INFORMATION PROVIDED —
Start of Block

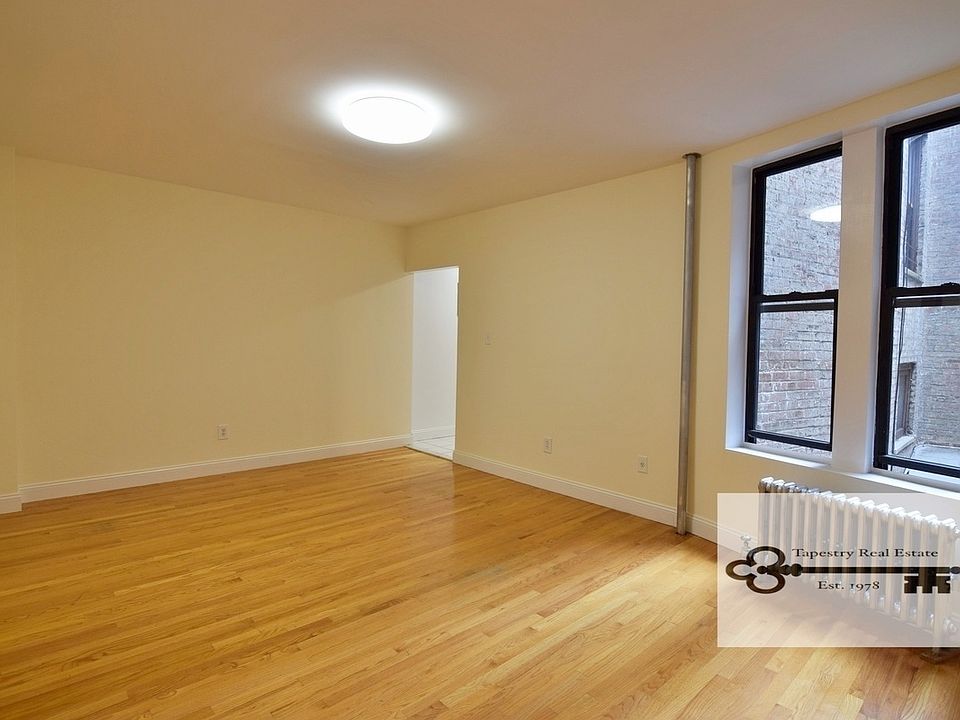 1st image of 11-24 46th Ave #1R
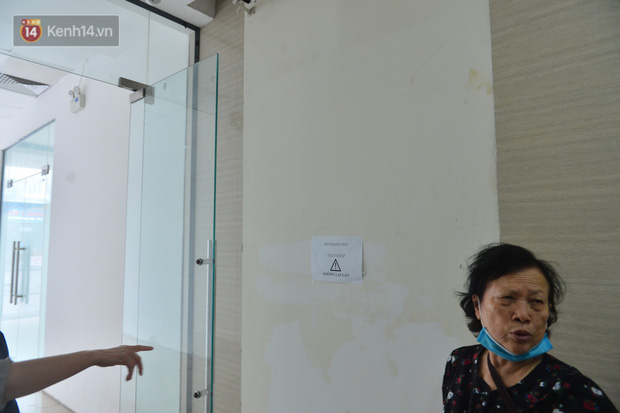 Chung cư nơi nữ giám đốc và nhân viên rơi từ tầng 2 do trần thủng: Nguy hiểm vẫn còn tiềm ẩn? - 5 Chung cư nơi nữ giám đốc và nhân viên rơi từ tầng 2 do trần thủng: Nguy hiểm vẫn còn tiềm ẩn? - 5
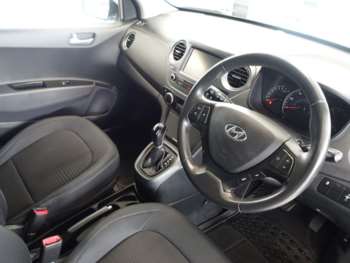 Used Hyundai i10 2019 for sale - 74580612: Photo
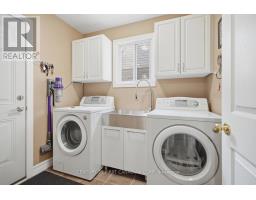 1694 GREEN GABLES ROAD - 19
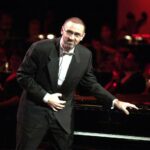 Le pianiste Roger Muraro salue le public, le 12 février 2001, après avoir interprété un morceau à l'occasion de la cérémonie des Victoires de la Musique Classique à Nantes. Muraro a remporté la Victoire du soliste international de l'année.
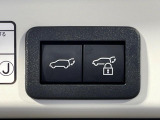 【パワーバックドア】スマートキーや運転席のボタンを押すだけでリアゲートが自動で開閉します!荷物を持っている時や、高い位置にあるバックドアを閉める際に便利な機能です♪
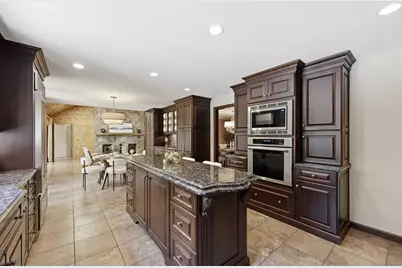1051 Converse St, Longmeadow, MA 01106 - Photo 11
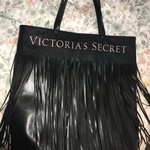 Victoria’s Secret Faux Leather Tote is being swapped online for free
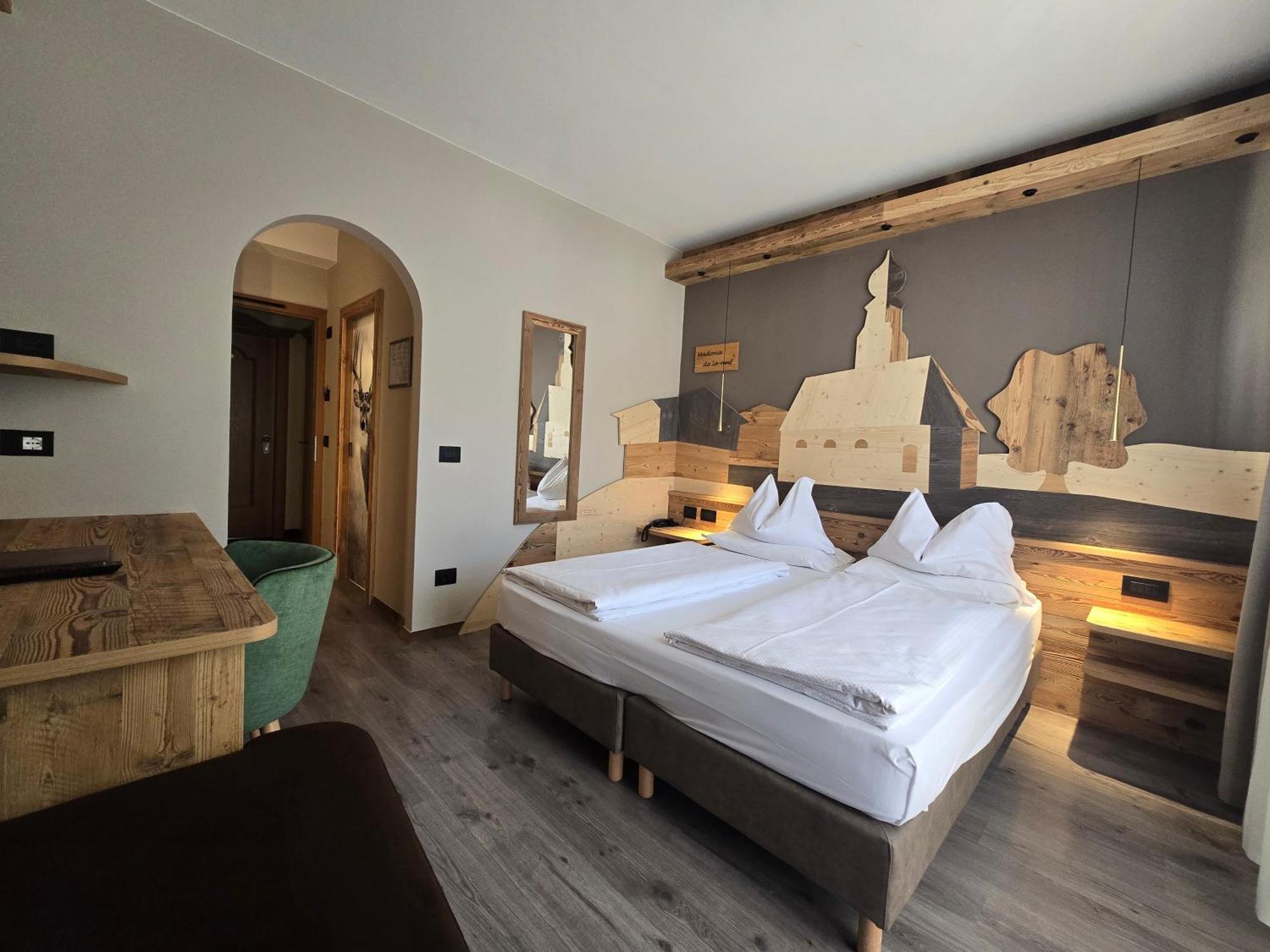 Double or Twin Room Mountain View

End of Block

Without the pictures, reproduce every line of the records above exactly.

 1st image of 11-24 46th Ave #1R
 Chung cư nơi nữ giám đốc và nhân viên rơi từ tầng 2 do trần thủng: Nguy hiểm vẫn còn tiềm ẩn? - 5 Chung cư nơi nữ giám đốc và nhân viên rơi từ tầng 2 do trần thủng: Nguy hiểm vẫn còn tiềm ẩn? - 5
 Used Hyundai i10 2019 for sale - 74580612: Photo
 1694 GREEN GABLES ROAD - 19
 Le pianiste Roger Muraro salue le public, le 12 février 2001, après avoir interprété un morceau à l'occasion de la cérémonie des Victoires de la Musique Classique à Nantes. Muraro a remporté la Victoire du soliste international de l'année.
 【パワーバックドア】スマートキーや運転席のボタンを押すだけでリアゲートが自動で開閉します!荷物を持っている時や、高い位置にあるバックドアを閉める際に便利な機能です♪
1051 Converse St, Longmeadow, MA 01106 - Photo 11
 Victoria’s Secret Faux Leather Tote is being swapped online for free
 Double or Twin Room Mountain View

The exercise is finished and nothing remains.